Violence Prevention Network (VPN) ist eine gemeinnützige Organisation mit Sitz in Berlin, die in der Extremismusprävention und Deradikalisierung tätig ist. Geschäftsführung sind Judy Korn und Thomas Mücke. VPN arbeitet nach eigenen Angaben sowohl mit rechtsextremistisch als auch mit islamistisch radikalisierten Personen und ist unter anderem Teil des von der Berliner Senatsverwaltung für Inneres und Sport koordinierten Deradikalisierungsnetzwerks (DeRadNet), in dem Polizei, Justiz und Verfassungsschutz sicherheitsrelevante Fälle gemeinsam bearbeiten.
Über die Quelle
Die Wurzeln von VPN liegen laut Wikipedia in einem Modellprojekt von 2001: In Brandenburger Haftanstalten führte das spätere VPN-Team erste Anti-Gewalt- und Kompetenztrainings mit rechtsextremistischen Gefangenen durch. Daraus entstand 2004 die Organisation Violence Prevention Network, die 2020 von einem eingetragenen Verein in eine gGmbH umgewandelt wurde. Seit 2006 arbeitet VPN auch mit islamistisch gefährdeten Jugendlichen, seit 2007 im Vorhaftbereich und seit 2012 im Erwachsenenvollzug mit verurteilten Straftätern aus dem terroristischen Umfeld. Nach eigenen Angaben sind mittlerweile über 150 Mitarbeitende in acht Bundesländern sowie im europäischen Ausland und in den USA für die Organisation tätig.
Kern der Arbeitsweise ist die von VPN entwickelte "Verantwortungspädagogik", laut Wikipedia eine eingetragene Marke der Organisation, die radikalisierte Menschen befähigen soll, ihre bisherigen Verhaltensmuster zu reflektieren und in das demokratische Gemeinwesen zurückzukehren. Neben der direkten Arbeit in Haftanstalten und mit Ausstiegswilligen betreibt VPN laut Wikipedia seit 2014 eine eigene Akademie zur Fortbildung von Sicherheitsbehörden, Hochschulen und pädagogischem Personal.
VPN finanziert sich laut Wikipedia überwiegend aus Mitteln der Europäischen Union, des Bundes und der Länder sowie aus Spenden. Laut einer NIUS-Recherche vom 30. Juli 2026 erhielt die Organisation zwischen 2014 und 2024 rund 70 Millionen Euro Steuergeld, unter anderem vom Bundesministerium für Bildung, Familie, Senioren, Frauen und Jugend, dem Bundesamt für Migration und Flüchtlinge sowie der Bundeszentrale für politische Bildung.
In Berlin ist VPN über die "PREVENT-Beratungsstelle Berlin" fester Bestandteil des von der Senatsverwaltung für Inneres und Sport koordinierten Deradikalisierungsnetzwerks (DeRadNet).
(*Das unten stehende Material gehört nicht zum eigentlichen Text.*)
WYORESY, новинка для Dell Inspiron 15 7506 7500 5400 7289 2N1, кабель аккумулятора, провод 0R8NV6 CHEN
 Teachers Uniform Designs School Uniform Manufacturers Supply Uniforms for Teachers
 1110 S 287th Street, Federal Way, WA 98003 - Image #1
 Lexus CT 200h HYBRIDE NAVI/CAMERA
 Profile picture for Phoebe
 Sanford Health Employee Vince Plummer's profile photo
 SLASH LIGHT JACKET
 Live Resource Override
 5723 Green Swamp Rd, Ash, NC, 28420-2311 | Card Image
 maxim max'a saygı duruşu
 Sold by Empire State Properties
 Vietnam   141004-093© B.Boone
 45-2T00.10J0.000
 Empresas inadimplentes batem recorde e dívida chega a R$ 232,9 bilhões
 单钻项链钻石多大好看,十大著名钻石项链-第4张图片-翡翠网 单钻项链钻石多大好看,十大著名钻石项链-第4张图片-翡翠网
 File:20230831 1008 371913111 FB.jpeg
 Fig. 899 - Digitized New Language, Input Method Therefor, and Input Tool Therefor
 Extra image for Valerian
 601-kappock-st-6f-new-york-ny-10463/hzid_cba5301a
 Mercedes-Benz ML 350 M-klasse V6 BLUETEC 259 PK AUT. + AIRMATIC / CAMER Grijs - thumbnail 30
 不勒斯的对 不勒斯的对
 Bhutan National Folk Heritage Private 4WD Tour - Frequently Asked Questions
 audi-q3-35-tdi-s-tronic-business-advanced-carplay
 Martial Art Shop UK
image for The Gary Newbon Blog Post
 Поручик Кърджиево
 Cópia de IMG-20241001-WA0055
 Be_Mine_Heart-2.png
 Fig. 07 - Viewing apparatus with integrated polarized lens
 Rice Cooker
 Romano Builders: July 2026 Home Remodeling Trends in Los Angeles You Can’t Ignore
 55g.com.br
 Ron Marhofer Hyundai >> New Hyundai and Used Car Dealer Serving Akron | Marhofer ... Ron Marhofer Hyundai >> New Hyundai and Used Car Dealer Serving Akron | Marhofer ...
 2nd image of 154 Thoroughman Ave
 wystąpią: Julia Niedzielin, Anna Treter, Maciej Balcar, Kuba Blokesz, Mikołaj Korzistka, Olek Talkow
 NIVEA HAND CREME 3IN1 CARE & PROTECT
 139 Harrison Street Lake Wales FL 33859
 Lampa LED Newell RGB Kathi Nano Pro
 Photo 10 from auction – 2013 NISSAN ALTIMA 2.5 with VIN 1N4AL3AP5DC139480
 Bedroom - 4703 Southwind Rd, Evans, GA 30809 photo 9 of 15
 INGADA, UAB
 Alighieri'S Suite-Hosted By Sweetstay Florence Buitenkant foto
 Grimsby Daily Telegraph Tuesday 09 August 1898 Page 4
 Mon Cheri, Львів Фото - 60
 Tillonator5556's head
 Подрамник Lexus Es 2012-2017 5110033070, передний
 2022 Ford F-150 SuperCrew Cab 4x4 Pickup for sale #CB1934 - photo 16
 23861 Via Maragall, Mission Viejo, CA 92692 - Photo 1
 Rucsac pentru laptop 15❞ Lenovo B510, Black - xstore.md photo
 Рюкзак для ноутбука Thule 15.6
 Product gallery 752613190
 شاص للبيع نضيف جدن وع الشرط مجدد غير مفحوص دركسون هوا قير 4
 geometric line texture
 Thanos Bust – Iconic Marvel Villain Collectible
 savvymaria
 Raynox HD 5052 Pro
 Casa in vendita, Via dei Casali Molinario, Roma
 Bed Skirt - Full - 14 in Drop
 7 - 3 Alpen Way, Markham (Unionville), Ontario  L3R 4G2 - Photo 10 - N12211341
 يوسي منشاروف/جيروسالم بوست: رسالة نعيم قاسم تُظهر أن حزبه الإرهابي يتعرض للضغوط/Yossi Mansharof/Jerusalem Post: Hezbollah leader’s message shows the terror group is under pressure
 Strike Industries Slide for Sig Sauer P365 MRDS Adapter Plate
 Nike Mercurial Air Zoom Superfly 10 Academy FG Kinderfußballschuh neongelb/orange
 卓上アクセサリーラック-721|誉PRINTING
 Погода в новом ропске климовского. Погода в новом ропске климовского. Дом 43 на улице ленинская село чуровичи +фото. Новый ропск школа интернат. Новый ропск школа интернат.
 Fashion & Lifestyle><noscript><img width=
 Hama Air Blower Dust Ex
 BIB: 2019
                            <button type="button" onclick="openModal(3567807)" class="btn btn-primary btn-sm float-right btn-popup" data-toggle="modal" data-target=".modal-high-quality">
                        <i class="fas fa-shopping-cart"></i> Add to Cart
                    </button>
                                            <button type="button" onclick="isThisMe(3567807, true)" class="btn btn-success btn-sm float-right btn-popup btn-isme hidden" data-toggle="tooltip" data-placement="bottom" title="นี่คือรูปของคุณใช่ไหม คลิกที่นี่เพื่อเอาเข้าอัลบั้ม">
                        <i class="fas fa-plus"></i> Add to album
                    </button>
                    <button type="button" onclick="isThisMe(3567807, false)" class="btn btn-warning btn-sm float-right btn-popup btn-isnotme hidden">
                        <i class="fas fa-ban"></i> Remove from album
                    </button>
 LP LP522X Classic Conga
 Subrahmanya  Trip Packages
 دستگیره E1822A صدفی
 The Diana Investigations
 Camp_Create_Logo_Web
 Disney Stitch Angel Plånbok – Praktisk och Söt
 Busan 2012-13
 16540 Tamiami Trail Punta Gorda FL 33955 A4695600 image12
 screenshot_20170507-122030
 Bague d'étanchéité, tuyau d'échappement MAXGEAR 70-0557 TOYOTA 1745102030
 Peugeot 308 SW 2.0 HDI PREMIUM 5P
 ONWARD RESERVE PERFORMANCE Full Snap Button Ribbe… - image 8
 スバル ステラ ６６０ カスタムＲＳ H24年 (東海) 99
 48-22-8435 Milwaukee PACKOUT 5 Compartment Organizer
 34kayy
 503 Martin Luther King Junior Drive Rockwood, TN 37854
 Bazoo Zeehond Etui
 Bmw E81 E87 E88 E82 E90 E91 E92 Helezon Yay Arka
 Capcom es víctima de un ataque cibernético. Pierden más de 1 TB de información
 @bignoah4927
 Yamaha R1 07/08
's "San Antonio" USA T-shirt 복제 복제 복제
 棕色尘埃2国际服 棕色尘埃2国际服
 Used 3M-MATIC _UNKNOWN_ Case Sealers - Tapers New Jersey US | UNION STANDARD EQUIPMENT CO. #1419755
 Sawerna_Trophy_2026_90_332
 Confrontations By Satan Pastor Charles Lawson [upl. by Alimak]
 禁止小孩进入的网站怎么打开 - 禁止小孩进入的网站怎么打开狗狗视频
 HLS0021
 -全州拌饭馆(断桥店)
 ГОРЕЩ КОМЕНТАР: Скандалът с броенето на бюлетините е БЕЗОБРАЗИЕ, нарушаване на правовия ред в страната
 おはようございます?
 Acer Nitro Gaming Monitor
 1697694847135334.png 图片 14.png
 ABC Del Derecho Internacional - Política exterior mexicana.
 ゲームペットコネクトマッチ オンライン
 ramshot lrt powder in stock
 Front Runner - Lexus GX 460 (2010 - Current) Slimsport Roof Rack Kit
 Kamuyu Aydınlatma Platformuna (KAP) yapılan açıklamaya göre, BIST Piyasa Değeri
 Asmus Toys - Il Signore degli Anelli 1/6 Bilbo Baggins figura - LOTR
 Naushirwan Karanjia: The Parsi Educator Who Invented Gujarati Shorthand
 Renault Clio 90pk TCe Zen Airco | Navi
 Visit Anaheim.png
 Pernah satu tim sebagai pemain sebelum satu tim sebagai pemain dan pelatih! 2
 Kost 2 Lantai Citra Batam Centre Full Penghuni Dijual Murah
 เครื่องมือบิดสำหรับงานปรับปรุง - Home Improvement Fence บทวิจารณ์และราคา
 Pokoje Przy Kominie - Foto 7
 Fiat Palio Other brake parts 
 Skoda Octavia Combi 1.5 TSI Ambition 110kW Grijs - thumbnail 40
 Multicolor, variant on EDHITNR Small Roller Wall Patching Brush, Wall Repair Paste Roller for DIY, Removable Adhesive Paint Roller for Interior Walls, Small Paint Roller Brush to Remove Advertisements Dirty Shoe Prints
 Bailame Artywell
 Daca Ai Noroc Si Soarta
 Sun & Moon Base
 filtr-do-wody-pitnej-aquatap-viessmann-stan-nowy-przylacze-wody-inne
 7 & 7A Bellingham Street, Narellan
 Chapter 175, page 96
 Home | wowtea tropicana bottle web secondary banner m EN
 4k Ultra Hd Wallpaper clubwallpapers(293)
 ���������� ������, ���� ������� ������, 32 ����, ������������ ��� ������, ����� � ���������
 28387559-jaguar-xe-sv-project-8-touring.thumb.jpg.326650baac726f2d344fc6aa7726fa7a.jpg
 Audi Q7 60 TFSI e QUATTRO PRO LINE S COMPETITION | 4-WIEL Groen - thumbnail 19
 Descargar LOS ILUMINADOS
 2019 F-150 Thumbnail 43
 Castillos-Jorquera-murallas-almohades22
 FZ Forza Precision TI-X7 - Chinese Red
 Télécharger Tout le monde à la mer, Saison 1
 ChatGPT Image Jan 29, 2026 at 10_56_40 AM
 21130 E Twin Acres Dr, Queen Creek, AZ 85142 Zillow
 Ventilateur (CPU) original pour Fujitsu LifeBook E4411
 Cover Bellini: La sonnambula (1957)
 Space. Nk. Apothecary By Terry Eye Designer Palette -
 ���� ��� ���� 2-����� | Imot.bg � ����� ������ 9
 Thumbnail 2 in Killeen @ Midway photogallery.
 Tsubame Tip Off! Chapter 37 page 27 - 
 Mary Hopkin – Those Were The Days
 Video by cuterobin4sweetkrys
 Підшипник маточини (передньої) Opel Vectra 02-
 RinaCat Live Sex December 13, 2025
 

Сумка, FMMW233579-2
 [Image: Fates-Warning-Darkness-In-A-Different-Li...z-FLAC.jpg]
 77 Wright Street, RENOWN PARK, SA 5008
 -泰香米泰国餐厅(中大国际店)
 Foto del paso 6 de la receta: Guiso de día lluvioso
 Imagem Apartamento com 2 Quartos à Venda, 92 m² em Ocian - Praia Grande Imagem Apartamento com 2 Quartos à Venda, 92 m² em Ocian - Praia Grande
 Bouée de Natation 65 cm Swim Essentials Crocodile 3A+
Laut Bundeszentrale für politische Bildung werden dort gemeinsam mit Landeskriminalamt, Landesamt für Verfassungsschutz und der Senatsverwaltung für Justiz, Verbraucherschutz und Antidiskriminierung sicherheitsrelevante Einzelfälle in Fallkonferenzen besprochen. Daneben betreibt VPN gemeinsam mit der Amadeu Antonio Stiftung und dem Zentrum für angewandte Deradikalisierungsforschung modus|zad das Beratungsangebot "Beratungskompass Verschwörungsdenken" für Angehörige von Menschen, die sich nach Einschätzung der Betreiber in Verschwörungserzählungen verstricken.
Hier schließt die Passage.